Deutsche Visums-Vergabe: Arme müssen draußen bleiben

Die Regierung veröffentlicht erstmals, wie häufig Visa abgelehnt werden. Besonders oft scheitern etwa Antragsteller aus afrikanischen Staaten und der Türkei.

Visa aus der Türkei werden doppelt so häufig abgelehnt wie im Durchschnitt: Generalkonsulat in Istanbul. Bild: dpa

Die Bundesregierung hat erstmals Zahlen dazu veröffentlicht, wie hoch die Ablehnungsquoten von Visumsanträgen in verschiedenen Ländern sind. Aus einer Antwort auf eine Kleine Anfrage der Linke-Fraktion im Bundestag geht hervor, dass sich die Zahl der Ablehnungen in den Jahren 2000 bis 2009 fast verdoppelt hat - von 6 auf 10 Prozent der gestellten Anträge. Die Ablehnungsquoten variieren sehr stark zwischen unterschiedlichen Ländern.

Visa aus der Türkei werden doppelt so häufig abgelehnt wie im weltweiten Durchschnitt. In Ankara, wo die Bewerber aus den ländlichen Gebieten anlaufen, liegt sie mit 28 Prozent besonders hoch. Am häufigsten werden Anträge aus afrikanischen Staaten abgelehnt, für 2009 lag die Ablehnungsquote in Guinea bei 54 Prozent, in Ghana bei 37 Prozent. Die Zahlen berücksichtigen keine Fälle, in denen kein Antrag gestellt wird, weil Botschaftsmitarbeiter die Auskunft erteilten, er habe keine Aussicht auf Erfolg.

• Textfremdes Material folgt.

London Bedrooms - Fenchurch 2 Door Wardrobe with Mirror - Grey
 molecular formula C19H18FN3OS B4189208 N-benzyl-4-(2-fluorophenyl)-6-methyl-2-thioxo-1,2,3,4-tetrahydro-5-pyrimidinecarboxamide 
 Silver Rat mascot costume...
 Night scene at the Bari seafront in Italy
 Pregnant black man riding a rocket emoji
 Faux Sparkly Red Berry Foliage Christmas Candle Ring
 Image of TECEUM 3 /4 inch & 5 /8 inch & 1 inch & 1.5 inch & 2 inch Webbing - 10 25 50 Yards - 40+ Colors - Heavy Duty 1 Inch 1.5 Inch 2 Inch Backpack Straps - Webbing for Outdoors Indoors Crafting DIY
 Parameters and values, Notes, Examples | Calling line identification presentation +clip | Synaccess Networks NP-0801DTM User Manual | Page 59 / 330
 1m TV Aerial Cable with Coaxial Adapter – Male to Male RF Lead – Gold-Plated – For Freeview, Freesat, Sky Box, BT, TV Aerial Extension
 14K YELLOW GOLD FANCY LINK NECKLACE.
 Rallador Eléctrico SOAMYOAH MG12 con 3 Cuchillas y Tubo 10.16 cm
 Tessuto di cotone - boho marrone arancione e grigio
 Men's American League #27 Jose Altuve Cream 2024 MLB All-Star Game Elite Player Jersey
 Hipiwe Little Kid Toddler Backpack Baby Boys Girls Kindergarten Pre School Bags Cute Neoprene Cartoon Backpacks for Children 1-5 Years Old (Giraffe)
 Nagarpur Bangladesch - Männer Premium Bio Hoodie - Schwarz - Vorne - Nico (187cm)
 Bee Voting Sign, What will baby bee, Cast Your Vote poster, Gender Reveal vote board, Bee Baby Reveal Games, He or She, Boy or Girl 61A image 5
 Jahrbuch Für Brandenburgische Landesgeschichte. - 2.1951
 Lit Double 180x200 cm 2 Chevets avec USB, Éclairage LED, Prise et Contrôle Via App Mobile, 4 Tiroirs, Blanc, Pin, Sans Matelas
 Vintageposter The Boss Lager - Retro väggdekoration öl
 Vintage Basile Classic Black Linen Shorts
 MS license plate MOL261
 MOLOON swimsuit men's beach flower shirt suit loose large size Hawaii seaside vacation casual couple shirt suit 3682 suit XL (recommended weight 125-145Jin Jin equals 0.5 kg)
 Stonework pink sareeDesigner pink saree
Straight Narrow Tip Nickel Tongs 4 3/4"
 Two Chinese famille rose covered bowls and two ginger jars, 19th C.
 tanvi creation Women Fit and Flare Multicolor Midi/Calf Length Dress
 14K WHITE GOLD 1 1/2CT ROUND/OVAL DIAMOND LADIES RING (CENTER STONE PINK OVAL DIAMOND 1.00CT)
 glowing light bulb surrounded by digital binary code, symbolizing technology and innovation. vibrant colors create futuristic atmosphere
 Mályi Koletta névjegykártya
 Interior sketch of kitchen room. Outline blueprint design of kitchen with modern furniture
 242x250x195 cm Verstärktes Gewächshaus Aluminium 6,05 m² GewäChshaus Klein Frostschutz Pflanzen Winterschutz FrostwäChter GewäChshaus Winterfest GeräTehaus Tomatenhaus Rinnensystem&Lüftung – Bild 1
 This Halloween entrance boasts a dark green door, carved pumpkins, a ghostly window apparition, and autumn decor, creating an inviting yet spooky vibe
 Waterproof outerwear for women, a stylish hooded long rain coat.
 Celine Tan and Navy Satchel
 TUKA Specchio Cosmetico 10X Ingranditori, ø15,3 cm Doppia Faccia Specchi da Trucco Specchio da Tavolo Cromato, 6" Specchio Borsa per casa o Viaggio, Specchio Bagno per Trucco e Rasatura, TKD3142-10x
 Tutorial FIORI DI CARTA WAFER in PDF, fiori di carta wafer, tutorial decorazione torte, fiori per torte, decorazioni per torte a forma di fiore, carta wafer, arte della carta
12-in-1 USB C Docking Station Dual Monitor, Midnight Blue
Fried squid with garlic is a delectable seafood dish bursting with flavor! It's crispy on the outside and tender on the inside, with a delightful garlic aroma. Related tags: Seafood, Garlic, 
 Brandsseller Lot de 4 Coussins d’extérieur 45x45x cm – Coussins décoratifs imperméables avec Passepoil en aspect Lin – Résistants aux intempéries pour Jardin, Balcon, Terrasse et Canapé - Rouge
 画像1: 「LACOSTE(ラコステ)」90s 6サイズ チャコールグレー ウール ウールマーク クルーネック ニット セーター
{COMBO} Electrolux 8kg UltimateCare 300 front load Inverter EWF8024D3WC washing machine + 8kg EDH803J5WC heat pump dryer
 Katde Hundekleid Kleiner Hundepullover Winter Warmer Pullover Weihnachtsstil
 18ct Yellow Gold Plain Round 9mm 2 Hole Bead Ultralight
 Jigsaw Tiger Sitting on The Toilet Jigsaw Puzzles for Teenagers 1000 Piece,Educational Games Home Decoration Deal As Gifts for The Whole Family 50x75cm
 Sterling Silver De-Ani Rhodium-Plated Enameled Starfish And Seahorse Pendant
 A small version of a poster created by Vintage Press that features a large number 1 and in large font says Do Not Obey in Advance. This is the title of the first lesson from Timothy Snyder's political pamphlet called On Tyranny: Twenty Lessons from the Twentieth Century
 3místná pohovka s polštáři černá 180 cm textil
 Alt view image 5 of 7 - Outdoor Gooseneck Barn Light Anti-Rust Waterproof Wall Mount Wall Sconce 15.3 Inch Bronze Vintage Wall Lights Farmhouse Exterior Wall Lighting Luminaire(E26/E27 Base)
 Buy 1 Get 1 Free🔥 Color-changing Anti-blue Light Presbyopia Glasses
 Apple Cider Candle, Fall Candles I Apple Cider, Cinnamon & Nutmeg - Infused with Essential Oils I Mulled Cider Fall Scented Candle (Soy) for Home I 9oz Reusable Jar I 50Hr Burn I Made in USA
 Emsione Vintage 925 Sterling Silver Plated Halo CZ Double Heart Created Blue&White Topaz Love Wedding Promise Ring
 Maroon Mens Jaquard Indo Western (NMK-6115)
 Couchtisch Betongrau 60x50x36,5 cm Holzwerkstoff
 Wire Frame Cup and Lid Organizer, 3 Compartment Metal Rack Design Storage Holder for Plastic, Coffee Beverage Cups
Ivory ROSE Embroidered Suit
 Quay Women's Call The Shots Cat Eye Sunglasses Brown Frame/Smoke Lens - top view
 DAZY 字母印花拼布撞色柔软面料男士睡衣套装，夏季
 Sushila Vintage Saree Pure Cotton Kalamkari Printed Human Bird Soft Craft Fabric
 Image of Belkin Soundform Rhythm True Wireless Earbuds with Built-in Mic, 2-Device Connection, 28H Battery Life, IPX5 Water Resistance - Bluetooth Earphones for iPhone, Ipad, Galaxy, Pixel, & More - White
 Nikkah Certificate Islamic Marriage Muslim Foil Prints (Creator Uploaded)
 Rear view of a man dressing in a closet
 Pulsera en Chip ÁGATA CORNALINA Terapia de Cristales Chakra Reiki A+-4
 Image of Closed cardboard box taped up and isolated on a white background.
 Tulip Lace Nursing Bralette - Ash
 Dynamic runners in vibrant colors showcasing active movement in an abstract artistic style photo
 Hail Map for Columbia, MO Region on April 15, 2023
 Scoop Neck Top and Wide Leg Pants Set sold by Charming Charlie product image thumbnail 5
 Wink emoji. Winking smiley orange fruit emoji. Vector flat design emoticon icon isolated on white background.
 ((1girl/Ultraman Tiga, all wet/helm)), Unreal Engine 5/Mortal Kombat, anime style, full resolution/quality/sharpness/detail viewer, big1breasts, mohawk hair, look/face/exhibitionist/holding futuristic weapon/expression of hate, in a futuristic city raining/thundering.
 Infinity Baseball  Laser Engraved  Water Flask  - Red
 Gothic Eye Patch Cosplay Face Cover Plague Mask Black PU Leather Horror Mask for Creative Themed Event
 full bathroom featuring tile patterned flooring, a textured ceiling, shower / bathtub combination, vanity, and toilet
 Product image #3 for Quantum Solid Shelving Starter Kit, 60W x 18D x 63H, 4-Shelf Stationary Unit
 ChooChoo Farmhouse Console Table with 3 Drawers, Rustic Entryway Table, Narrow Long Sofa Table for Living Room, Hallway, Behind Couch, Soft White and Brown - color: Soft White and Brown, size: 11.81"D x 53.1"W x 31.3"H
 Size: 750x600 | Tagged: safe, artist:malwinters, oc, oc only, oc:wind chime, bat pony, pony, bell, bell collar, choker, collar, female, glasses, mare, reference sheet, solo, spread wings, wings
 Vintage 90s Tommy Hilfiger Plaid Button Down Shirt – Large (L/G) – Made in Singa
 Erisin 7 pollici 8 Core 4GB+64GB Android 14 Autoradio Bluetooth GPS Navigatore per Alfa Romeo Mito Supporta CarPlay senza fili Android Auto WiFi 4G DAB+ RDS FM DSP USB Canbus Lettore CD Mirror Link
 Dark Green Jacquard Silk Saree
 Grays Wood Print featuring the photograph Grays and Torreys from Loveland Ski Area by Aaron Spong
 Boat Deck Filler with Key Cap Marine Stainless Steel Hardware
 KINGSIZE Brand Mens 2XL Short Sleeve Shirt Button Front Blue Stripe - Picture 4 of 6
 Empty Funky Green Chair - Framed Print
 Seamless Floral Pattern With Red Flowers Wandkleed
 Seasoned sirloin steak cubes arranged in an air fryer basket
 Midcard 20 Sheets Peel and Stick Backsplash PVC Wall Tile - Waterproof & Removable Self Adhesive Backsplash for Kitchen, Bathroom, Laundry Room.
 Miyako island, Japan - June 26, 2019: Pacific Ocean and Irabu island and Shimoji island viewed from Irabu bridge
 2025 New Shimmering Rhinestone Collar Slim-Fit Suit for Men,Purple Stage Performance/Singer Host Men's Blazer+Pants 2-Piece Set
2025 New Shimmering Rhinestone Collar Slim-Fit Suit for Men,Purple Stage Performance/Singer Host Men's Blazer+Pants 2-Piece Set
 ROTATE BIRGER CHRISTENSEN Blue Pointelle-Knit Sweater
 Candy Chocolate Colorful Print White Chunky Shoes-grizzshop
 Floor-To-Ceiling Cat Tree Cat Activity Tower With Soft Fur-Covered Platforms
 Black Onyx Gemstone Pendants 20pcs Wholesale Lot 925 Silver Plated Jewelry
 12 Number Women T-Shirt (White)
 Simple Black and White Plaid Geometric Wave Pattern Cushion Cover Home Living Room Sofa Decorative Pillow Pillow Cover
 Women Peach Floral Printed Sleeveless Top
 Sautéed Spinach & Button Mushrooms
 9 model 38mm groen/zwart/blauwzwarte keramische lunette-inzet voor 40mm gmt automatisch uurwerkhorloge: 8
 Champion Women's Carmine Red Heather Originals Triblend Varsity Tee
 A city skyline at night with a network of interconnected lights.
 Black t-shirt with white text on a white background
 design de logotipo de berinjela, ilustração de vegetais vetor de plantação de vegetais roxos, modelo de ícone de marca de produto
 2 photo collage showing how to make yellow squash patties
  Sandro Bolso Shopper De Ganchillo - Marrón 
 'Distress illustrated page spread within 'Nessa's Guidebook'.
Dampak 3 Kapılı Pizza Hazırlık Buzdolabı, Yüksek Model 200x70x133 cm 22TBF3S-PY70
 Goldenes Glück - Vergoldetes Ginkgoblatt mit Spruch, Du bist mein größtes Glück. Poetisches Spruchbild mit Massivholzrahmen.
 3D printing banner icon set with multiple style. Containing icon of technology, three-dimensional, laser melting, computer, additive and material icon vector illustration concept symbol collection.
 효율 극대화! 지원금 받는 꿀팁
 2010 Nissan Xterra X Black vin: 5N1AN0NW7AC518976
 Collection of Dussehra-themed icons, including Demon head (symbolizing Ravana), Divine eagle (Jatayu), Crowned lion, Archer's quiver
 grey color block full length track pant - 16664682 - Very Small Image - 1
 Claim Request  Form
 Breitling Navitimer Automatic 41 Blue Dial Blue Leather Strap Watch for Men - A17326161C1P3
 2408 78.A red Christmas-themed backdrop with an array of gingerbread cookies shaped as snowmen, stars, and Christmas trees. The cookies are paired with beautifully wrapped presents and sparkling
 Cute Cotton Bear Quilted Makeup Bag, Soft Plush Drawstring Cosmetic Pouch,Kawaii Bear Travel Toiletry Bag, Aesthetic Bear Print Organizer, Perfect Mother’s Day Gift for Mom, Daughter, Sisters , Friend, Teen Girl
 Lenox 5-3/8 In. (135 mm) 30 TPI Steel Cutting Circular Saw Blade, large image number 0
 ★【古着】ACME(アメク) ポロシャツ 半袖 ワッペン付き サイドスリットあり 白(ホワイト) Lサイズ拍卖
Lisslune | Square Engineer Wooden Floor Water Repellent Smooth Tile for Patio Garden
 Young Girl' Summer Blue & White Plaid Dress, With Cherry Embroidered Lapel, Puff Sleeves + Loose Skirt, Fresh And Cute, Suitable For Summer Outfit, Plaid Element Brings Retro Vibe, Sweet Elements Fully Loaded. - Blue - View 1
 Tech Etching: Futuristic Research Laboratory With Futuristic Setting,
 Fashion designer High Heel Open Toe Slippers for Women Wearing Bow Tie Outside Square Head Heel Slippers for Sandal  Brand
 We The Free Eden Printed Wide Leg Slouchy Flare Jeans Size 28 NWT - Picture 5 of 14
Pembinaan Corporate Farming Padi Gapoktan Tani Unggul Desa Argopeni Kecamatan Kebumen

Die Zahlen waren bislang nie offengelegt worden. Die Bekanntgabe würde Versuche des Visumsmissbrauchs begünstigen und könnte sich nachteilig auf die bilateralen Beziehungen zu einzelnen Staaten auswirken, sagte ein Sprecher des Auswärtigten Amts der taz.

Sevim Dagdelen, die integrationspolitische Sprecherin der Linke-Bundestagsfraktion, führt die Unterschiede in den Ablehnungsquoten auf eine "soziale Selektion" zurück. "Denn es sind insbesondere Menschen ohne regelmäßige Einkünfte und Ledige aus afrikanischen Ländern und aus der Türkei, denen gezielt ein Besuchsvisum verweigert wird", sagt Dagdelen. Sozial schlechter gestellte Menschen hätten keine Chance, Bekannte in Deutschland zu besuchen. "Ihnen wird in der Praxis pauschal mangelnde Rückkehrbereitschaft unterstellt."

Bei Visumsanträgen wird die sogenannte Rückkehrbereitschaft der Antragsteller geprüft. Dadurch erhalten die einzelnen Behördenmitarbeitern einen gewissen Spielraum, den Kritiker als "Willkür" ansehen. Die Rückkehrbereitschaft kann in der Praxis bereits angezweifelt werden, wenn jemand nicht fest angestellt ist. Ein Indikator sei der "Verwurzelungsgrad des Antragsstellers in seinem Heimatland, der unter anderem durch familiäre und wirtschaftliche Verbindungen bestimmt wird", argumentiert das Auswärtige Amt in seiner Antwort.

Der integrationspolitische Sprecher der Grünen im Bundestag, Memet Kilic, meint, man müsse entweder messbare Kriterien entwickeln oder die Prüfung der Rückkehrbereitschaft grundsätzlich fallen lassen. Der integrationspolitische Sprecher der FDP-Fraktion im Bundestag, Serkan Tören, sagt hingegen, man müsse den Entscheidern einen "gewissen Spielraum" überlassen. Zu den unterschiedlich hohen Ablehnungsquoten in verschiedenen Länder sagt Tören: "Ich glaube nicht, dass dahinter eine politische Absicht steckt." Mit einigen Staaten, etwa der Türkei, gebe es noch keine Rückführungsvereinbarungen im Fall eines illegalen Aufenthaltes. "Möglicherweise ist die Visa-Vergabe deshalb restriktiver."

Hans-Peter Uhl, der innenpolitische Sprecher der Unionsfraktion im Bundestag, sagt, es sei klar, dass die Rückkehrbereitschaft in solchen Ländern besonders genau geprüft werden müsse, aus denen zuvor besonders viele Menschen illegal eingewandert sind.